Journalist Nick Gillespie sees The Great Gatsby as a story of the underlying permanence of class differences,
even "in the face of a modern economy based not on status and inherited position but on innovation and an
ability to meet ever-changing consumer needs."[63] This interpretation asserts that The Great Gatsby captures
the American experience because it is a story about change and those who resist it, whether the change comes
in the form of a new wave of immigrants (Southern Europeans in the early 20th century, Latin Americans today),
the nouveau riche, or successful minorities. Americans from the 1920s to the 21st century have plenty of
experience with changing economic and social circumstances. As Gillespie states, "While the specific terms of
the equation are always changing, it's easy to see echoes of Gatsby's basic conflict between established sources
of economic and cultural power and upstarts in virtually all aspects of American society."[63] Because this
concept is particularly American and can be seen throughout American history, readers are able to relate to The
Great Gatsby, which has lent the novel an enduring popularity.[63]

Later critical writings on The Great Gatsby, following the novel's revival, focus in particular on Fitzgerald's
disillusionment with the American Dream—life, liberty and the pursuit of happiness—in the context of the
hedonistic Jazz Age, a name for the era which Fitzgerald said he had coined. In 1970, Roger Pearson published
"Gatsby: False prophet of the American Dream," in which he states that Fitzgerald "has come to be associated
with this concept of the AMERICAN Dream more than any other writer of the twentieth century."[64] Pearson
goes on to suggest that Gatsby's failure to realize the American dream demonstrates that it no longer exists
except in the minds of those as materialistic as Gatsby. He concludes that the American dream pursued by
Gatsby "is, in reality, a nightmare," bringing nothing but discontent and disillusionment to those who chase it as
they realize that it is unsustainable and ultimately unattainable.

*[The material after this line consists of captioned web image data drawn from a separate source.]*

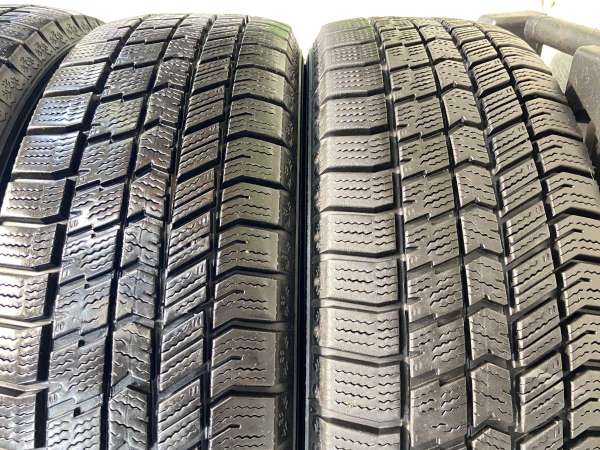 中古】グッドイヤー アイスナビ 8 175/65R15 4本セット スタッドレス 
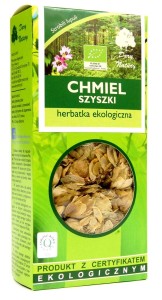 Dary Natury Herbatka z szyszek chmielu BIO 25 g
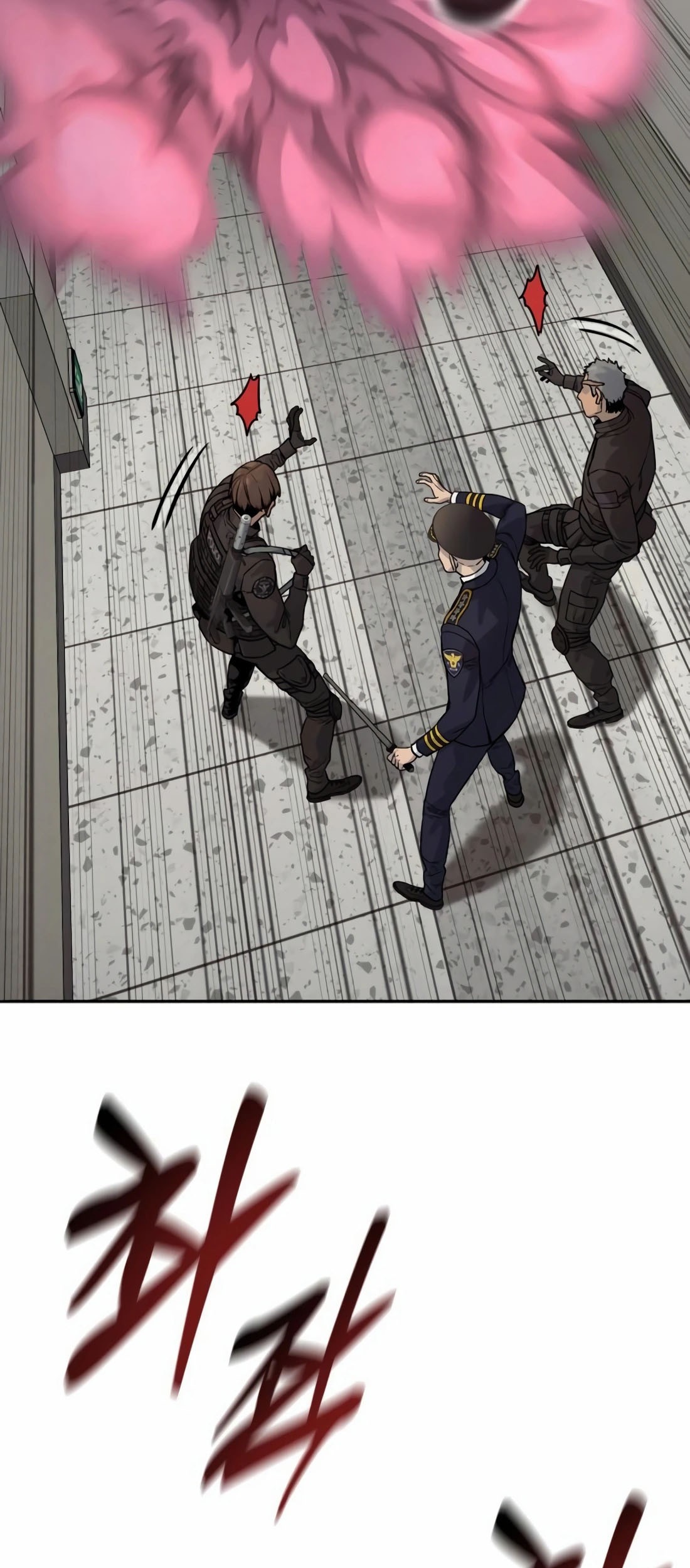 Return of the Bloodthirsty Police Chapter 87 Gambar 80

In addition to exploring the trials and tribulations of achieving the great American dream during the Jazz Age,
The Great Gatsby explores societal gender expectations as a theme, exemplifying in Daisy Buchanan's character
the marginalization of women in the East Egg social class that Fitzgerald depicts. As an upper-class white woman
living in East Egg during this time period, Daisy must adhere to certain societal expectations, including but
certainly not limited to actively filling the role of dutiful wife, mother, keeper of the house, and charming
socialite. As the reader finds in the novel, many of Daisy's choices, ultimately culminating in the tragedy of the
plot and misery for all those involved, can be at least partly attributed to her prescribed role as a "beautiful little
fool" who is completely reliant on her husband for financial and societal security. For instance, one could argue
that Daisy's ultimate decision to remain with her husband despite her feelings for Gatsby can be attributed to
the status, security, and comfort that her marriage to Tom Buchanan provides. Additionally, the theme of the
female familial role within The Great Gatsby goes hand in hand with that of the ideal family unit associated with
the great American dream—a dream that goes unrealized for Gatsby and Daisy in Fitzgerald's prose.

Symbolism

The green light that shines at the end of the dock of Daisy's house across the Sound from Gatsby's house is
frequently mentioned in the background of the plot. It has variously been interpreted as a symbol of Gatsby's
longing for Daisy and, more broadly, of the American dream.